Let’s not kid on that any of us were particularly happy a week ago anyway; we’d come off the second 4-1 defeat at the hands of Prague and there was little enthusiasm for the League Cup match against Ross County, where to be honest you could tell fans feared the worst.
The fans had turned, decisively, after the first Prague defeat. The second set in stone the impression that Lennon should not be trusted with the Ross County tie. The club was very obviously taking a major risk with our long, superb, unbeaten cup run … so it proved.
The performance was dreadful. The result was appalling.
The insipid display convinced fans that a lot of people inside the club had chucked it, and the anger that has been building all season long finally erupted into something more than expressions of frustration on the internet.

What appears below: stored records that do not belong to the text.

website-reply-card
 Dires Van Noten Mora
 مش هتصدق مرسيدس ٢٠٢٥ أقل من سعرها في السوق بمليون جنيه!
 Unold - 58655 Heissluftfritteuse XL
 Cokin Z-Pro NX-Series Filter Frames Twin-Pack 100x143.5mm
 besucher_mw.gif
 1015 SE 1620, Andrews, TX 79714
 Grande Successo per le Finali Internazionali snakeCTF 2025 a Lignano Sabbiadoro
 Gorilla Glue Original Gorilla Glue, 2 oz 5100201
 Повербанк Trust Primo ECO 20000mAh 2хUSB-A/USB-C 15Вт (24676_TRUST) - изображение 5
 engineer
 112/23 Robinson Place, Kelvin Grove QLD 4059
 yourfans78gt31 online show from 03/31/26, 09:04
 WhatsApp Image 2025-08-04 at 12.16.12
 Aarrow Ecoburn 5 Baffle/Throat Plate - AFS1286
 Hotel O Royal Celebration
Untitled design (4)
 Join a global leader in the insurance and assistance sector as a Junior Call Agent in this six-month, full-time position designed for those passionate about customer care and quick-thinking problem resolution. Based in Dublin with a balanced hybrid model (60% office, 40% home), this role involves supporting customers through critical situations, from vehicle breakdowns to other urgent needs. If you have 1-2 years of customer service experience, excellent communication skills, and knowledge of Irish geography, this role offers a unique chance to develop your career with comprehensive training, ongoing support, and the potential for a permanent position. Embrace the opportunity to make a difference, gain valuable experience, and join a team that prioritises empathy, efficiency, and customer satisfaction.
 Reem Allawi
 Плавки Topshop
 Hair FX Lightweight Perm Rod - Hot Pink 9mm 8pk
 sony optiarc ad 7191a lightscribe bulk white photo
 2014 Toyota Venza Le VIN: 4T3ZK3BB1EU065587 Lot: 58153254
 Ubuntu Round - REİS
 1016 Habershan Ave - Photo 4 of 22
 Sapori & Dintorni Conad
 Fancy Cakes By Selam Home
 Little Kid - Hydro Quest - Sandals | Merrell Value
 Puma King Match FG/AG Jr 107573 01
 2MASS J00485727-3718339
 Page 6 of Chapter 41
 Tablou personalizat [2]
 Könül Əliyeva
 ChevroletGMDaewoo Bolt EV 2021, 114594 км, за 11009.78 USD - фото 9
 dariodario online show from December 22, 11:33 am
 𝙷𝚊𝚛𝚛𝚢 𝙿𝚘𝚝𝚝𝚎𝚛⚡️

The fan protest outside Parkhead had been coming.
And it got predictably ugly.
Celtic could have moved to defuse the anger with a holding statement or even the one the fans had been hoping for; instead they slammed the supporters in a bitter rant which lumped all opposition into the same boiling pot.
Fans who pushed down fences and went nose to nose with the police were equated with those who’d kept their powder dry and limited their questioning to the forums and blogs. It was cack-handed, dreadful, cynical and wrong.
The backlash was entirely predictable, with the mainstream press writing about nothing else for days and the fans furious at the club’s latest PR own goal, not to mention the viciousness with which the supporters had been attacked.
The club then changed tack, and tried to defuse the bomb they had primed with an appeal for unity which achieved the opposite when they claimed to have listened to our concerns but were still leaving Lennon in charge. He duly led us to Milan, where we conceded four after taking a two goal lead, and the manager get a delusional press conference where he said he thought the performance was excellent and that we were moving in the right direction.
Some of the forums and podcasts predicted a Friday stock market announcement; their hopes were in vain.
Nothing of the sort happened. Instead the club put up fences around the ground to keep the fans away.
A Green Brigade banner went up and a statement came out, demanding the manager’s head and those of the CEO and the biggest shareholder.
At every stage this week the club has gotten it wrong. We aren’t getting the tin ear as much as we are the two fingers. Tomorrow we play St Johnstone in a must-win game, where it’s not even clear if a defeat will have consequences other than for our title challenge.
Tonight it looks as if the board intends to hang onto the manager come what may. We are out of Europe. We are out of the League Cup. We’re on the brink of an unwanted record for goals conceded in the Europa League and our title challenge hangs by a thread.
And the gap between the board’s vision for the club and that of the fans has never looked so large or so obvious. Where the Hell do we go from here? Into another heavy seven days, starting tomorrow and ending on the brink of another league match at home against Kilmarnock.
Who the Hell knows what our club will look like by then.